"Zombie" AP tasks - still alive when BOINC should have killed them

Message boards : Number crunching : "Zombie" AP tasks - still alive when BOINC should have killed them
Message board moderation

To post messages, you must log in.

AuthorMessage
Profile Jeff Buck Crowdfunding Project Donor*Special Project $75 donorSpecial Project $250 donor
Volunteer tester

Send message
Joined: 11 Feb 00
Posts: 1441
Credit: 148,764,870
RAC: 0
United States
Message 1495261 - Posted: 25 Mar 2014, 22:18:40 UTC

In an earlier thread, 194 (0xc2) EXIT_ABORTED_BY_CLIENT - "finish file present too long", I had reported on some AP GPU tasks that continued to run even after BOINC had crashed. Last Friday afternoon I also found similar "Zombie" AP tasks that continued to run following a deliberate shutdown of the BOINC Manager and client.
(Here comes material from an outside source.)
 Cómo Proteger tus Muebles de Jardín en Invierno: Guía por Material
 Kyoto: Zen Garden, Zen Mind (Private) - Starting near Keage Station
Due to a complete hard drive failure on my T7400, host 7057115, the previous Sunday night, by Friday afternoon I had reloaded a replacement HD from the ground up, with OS (Win8.1), drivers, BOINC, and S@H. I was able to get the scheduler to resend all but 7 (VLARs) of the 140+ "lost" tasks for the host. Once they were all downloaded, I went about trying to reconfigure BOINC and S@H back to what I thought I remembered having on the old HD. As part of that process, I shut down and restarted BOINC several times, to pick up changes to the remote_hosts.cfg file, the gui_rpc_auth.cfg file, the firewall ports, etc.

Following what I think was the third BOINC shutdown, I happened to notice that the 3 GPUs were still under a partial load, and the CPUs were showing intermittent activity, as well. So I fired up Process Explorer and discovered 3 AP GPU tasks chugging along without benefit of BOINC, one on each GPU:



I then restarted BOINC, thinking that it would pick up the "undead" tasks, but Process Explorer still showed them running "outside the box". Notice, also, that there are 9 MB GPU tasks running, 3 per GPU. This would be normal if there weren't any AP GPU tasks running, as I try to run 3 MB tasks or 2 MB + 1 AP per GPU. Now it appeared that each GPU had 3 MB tasks running under BOINC's control along with 1 AP task with no supervision at all:



This time I tried exiting BOINC Manager without stopping the tasks running under the BOINC client and, as expected at this point, found that only boincmgr.exe had disappeared from Process Explorer:



When I restarted the BOINC Manager this time, I noticed something interesting in the task list:



Initially, there were 3 AP tasks and 6 MB tasks shown as "Running", with 3 additional MB tasks "Waiting to run". As I was puzzling over this, all 3 AP tasks changed to "Waiting to run" and the 3 MB tasks changed to "Running", as shown above. However, judging by Process Explorer, all 12 tasks appeared to be consuming resources. Checking the stderr.txt files for the AP tasks, I found 7 or 8 iterations of:

Running on device number: 0
DATA_CHUNK_UNROLL at default:2
DATA_CHUNK_UNROLL at default:2
16:32:27 (1464): Can't acquire lockfile (32) - waiting 35s
16:33:02 (1464): Can't acquire lockfile (32) - exiting
16:33:02 (1464): Error: The process cannot access the file because it is being used by another process. (0x20)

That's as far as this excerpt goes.